= EXERCISE INSTRUCTIONS =
The output should be the listing below, limited to the lines from the one with "Cornus florida Bark" through the one with "Remutaka Cycle Trail Summit", exact and without pictures.

= LISTED RECORDS =
"""
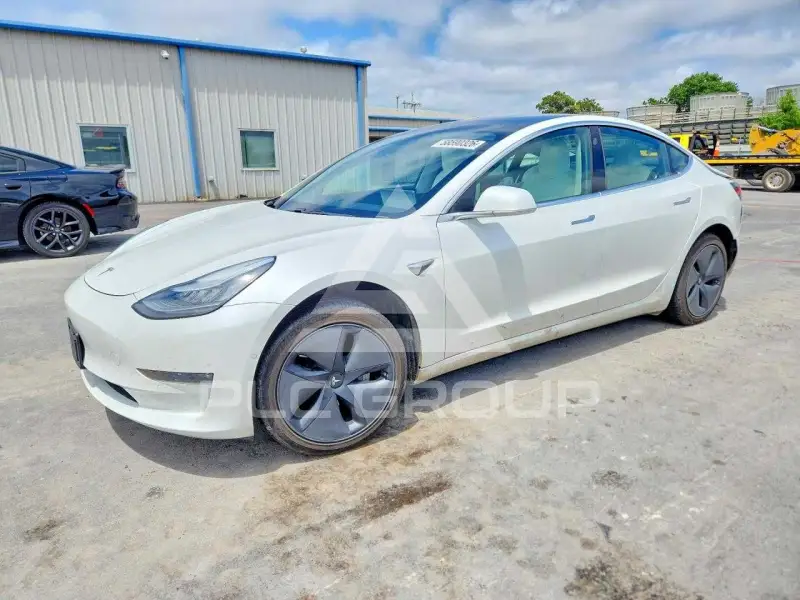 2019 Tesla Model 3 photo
"""
"""
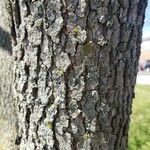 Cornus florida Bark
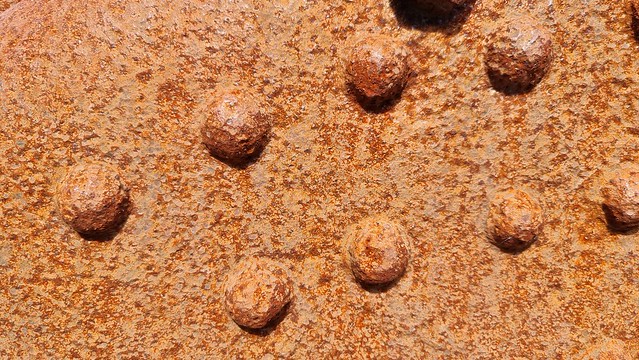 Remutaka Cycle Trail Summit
"""
= FINAL ANSWER =
 Cornus florida Bark
 Remutaka Cycle Trail Summit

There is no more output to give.